The needed output is the run of lines below from the one containing "少数民族手链复古式星座手环个性手链民族风首饰独特多层简约情侣 座" through the one containing "Silicone Candle Molds", copied exactly and free of pictures.

Pictures with short captions
·····
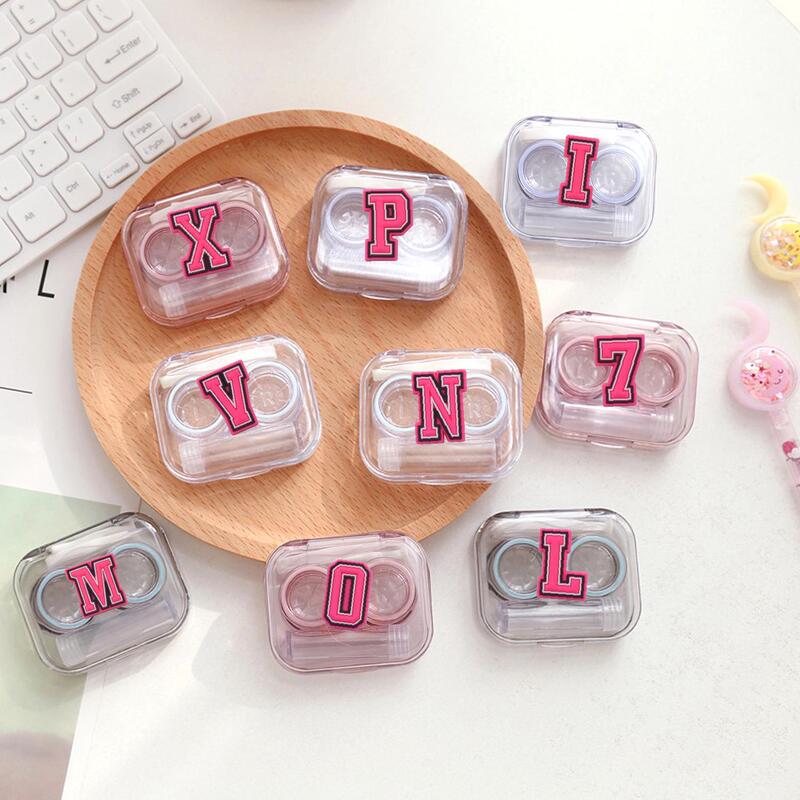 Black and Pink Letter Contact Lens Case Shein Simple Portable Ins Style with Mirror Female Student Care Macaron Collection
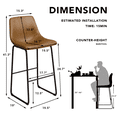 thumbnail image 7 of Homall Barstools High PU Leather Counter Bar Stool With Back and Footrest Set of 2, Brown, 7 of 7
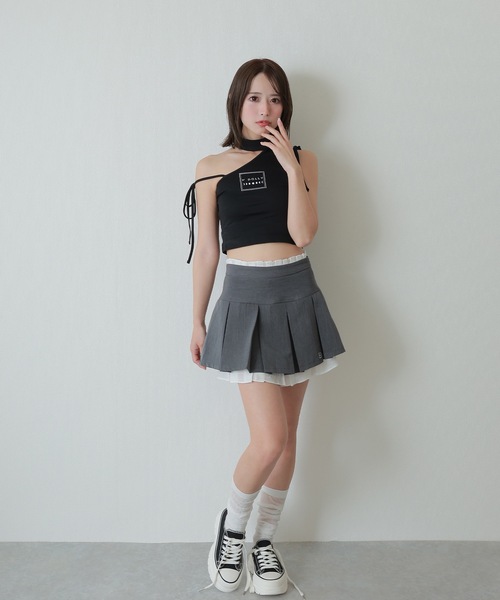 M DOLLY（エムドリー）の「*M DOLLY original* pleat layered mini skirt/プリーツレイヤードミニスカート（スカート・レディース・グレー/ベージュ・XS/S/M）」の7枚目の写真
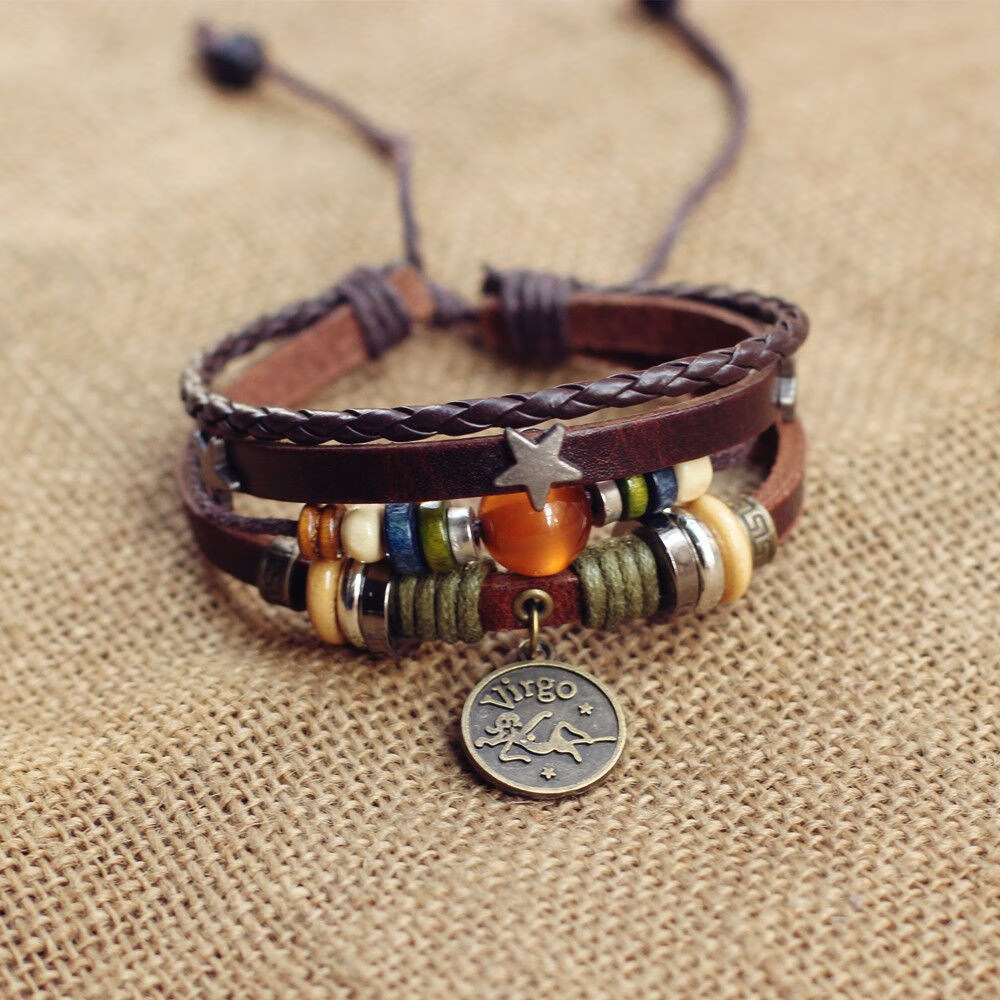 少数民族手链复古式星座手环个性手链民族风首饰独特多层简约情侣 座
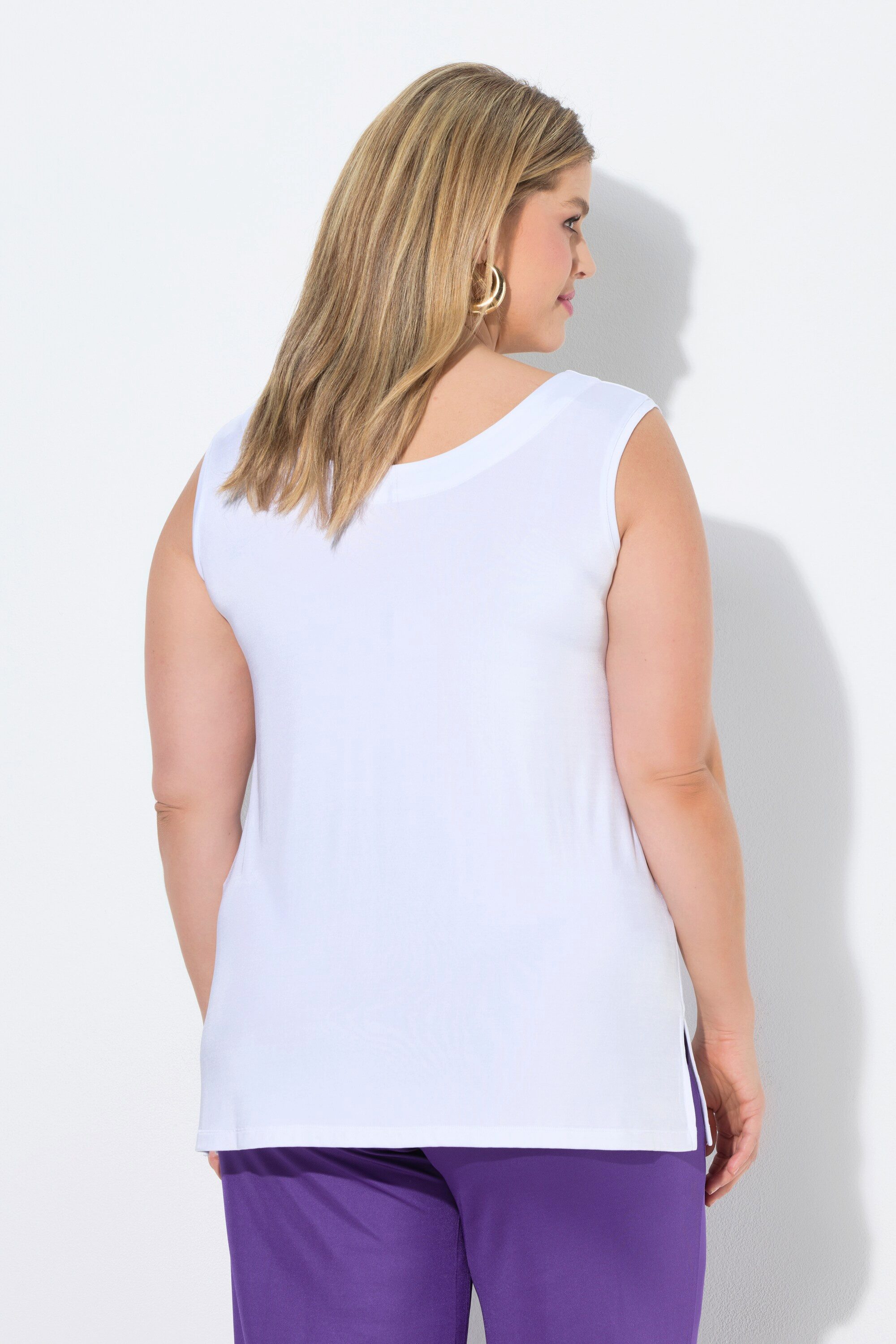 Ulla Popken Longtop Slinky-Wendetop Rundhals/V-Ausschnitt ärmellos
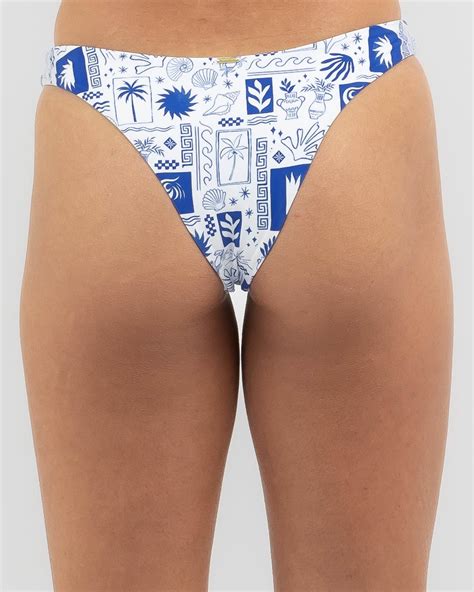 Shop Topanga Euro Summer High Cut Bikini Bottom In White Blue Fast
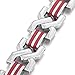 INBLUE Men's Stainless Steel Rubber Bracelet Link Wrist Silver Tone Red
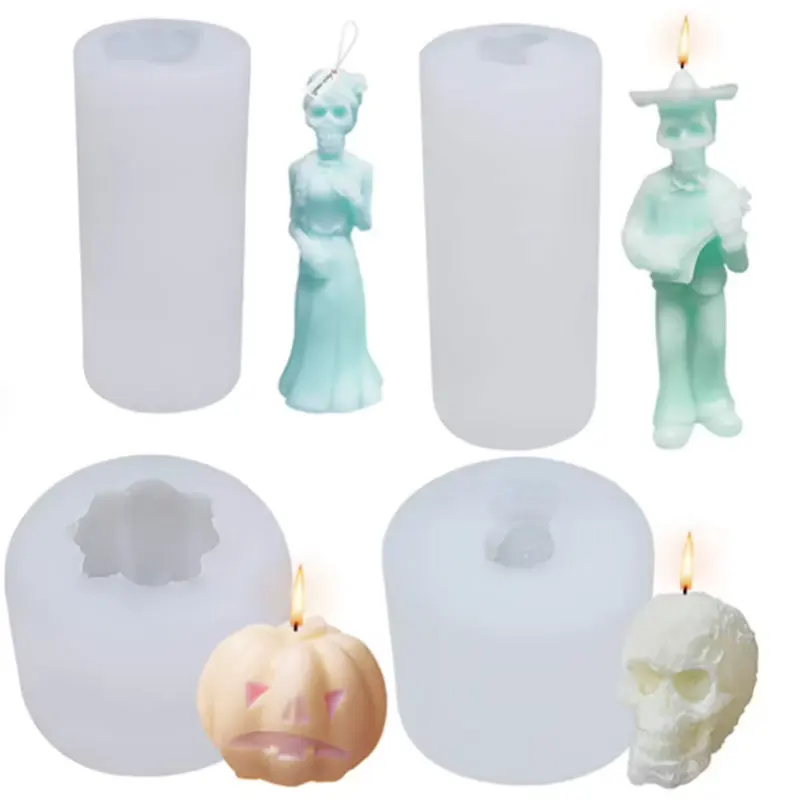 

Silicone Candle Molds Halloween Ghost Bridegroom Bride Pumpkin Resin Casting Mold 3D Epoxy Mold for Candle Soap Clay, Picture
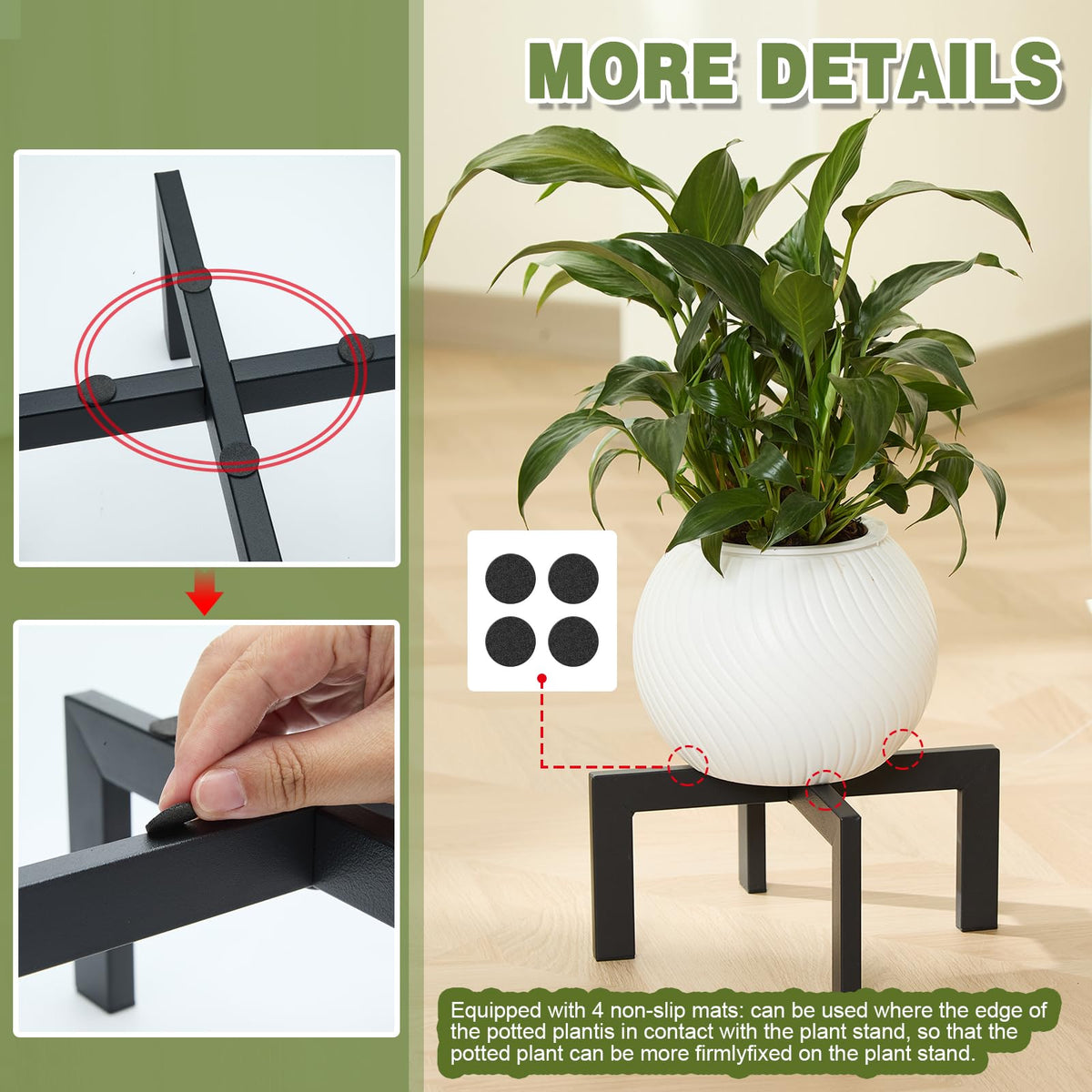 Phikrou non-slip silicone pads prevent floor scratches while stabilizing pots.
·····
Result of this exercise.
 少数民族手链复古式星座手环个性手链民族风首饰独特多层简约情侣 座
 Ulla Popken Longtop Slinky-Wendetop Rundhals/V-Ausschnitt ärmellos
 Shop Topanga Euro Summer High Cut Bikini Bottom In White Blue Fast
 INBLUE Men's Stainless Steel Rubber Bracelet Link Wrist Silver Tone Red

Silicone Candle Molds Halloween Ghost Bridegroom Bride Pumpkin Resin Casting Mold 3D Epoxy Mold for Candle Soap Clay, Picture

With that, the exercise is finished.